The 6th Night of Museums and Botanical Garden was held on 19 May. This time the topic of the event was suggested by the «Campus Martius, or How to Become a Citizen of Perm University» project that became a grantee in the XI museum project contest «A changing museum in the changing world» in the category «Museum design». The contest was organised by Vladimir Potanin Foundation. What do a butterfly, a turtle and marble have in common? Is it just that they all are artifacts in the university museums? Вack in the day, Ancient Greeks used to describe the world and give everything its meaning, just like we do now. Some of these meanings still exist, even though we do not notice them. One species of butterflies is named after Machaon, a son of Asclepius, a god of medicine in ancient Greek mythology. Machaon led an army in the Trojan War. A turtle is a sacred animal of Hephaestus, as he made the first seven string lyra from an accidentally found shell. As for marble, it had already been used in sculpture in the days of Antiquity. These stories that have already become vague were the ones we tried to recall and so we turned the Perm State University campus into an improvised Ancient Greek city-state, where everyone could become a citizen of the university to become a full member of the community, implicated into its life.
A lot of things that seem obvious nowadays once were pioneer discoveries. We could firsthand see the experiments, demonstrating physical phenomena discovered by Archimedes of Syracuse. Still, some topics remain to be a matter of perpetual controversy. And we had an opportunity to look at modern problems from the point of view of ancient philosophers during a dispute-game «From the Cynics to the Skeptics», when everyone was invited to participate in a «philosophical market», to talk to genuine epicureans, stoics and skeptics and to argue with them, as well as to try oneself as such.
The most accurate, the fastest and the strongest competed in the Olympic Games. The most skillful decorated the ancient Greek vases using whether a black-figure or a red-figure techique. That day you could hear a play «Forget Herostratus!» read aloud by the actors of the «Small Theatre» in the tower of the Institute of Natural Science and then take a walk down the busy paths of the sacred grove of Zeus — the Botanical Garden.
The atmosphere was supported by the Perm County Orchestra, the university choir and an antique-themed music compilation. The visual interpretation of the heritage of Antiquity was expressed in the works of modern Permian artists, whose art-objects, installations and performances could be seen all over the city-state.
Of course, each of the museum excursions was connected with the artifacts that reminded us of Antiquity. For instance, the Rare Book Museum’s exposition called «Book extreme in folio, in diodesimo and less: small and giant books in the Science Library of Perm State University received new exhibits, such as books in Latin printed in the XVI c., showing the passion for the works of ancient Greek and Roman authors during that time. Only few were chosen from the «antique» collection. The longest of them is the «Lexicon graecolatinum» («Graeco-Latin lexicon»), printed in Paris in 1552. Another one is the oldest dated book «Macrobius, Ambrosius, 1538» (the work of an ancient philosopher Macrobius) and a book by the most famous Roman historian, Titus Livius, «Livii Historiarum» or «The History of Rome».

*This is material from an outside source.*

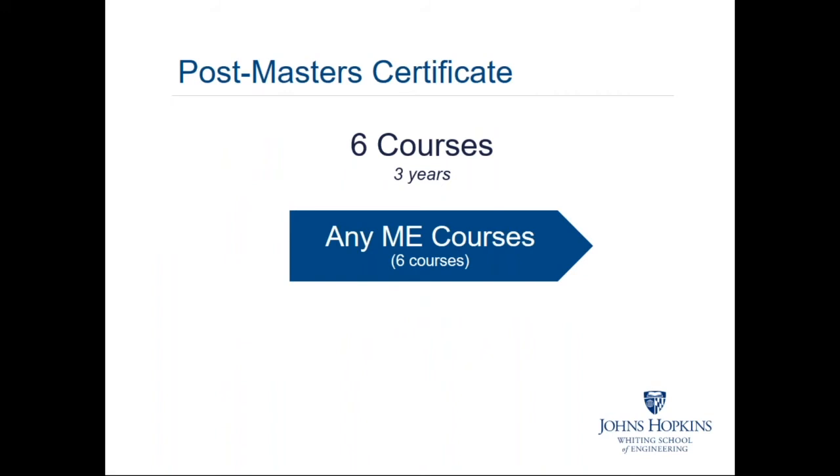For students who have already taken a master's degree, we offer a post-master's certificate consisting of six courses. You can think of those as refresher courses to stay up to date with developments in the field. In analogy with the master's requirements, the post-master's certificate requires completing six courses within three years, which is not a very onerous burden — less than one course per term, or two courses per year. One could take three courses per year and finish in two years easily.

In the heat of the festival we opened a renovated entrance zone to the Perm State University History Museum, which marked the culmination of «Campus Martius, or How to become a citizen of Perm University» project, supported by Vladimir Potanin Foundation. The students have already begun to explore this new modern space, which has been harmoniously integrated into the university’s historic building and even has «penetrated» to the museum itself, connecting the two expositions: an internal and an external one. Howerver, the project is not finished yet. The meetings at the start of the new academic year await us.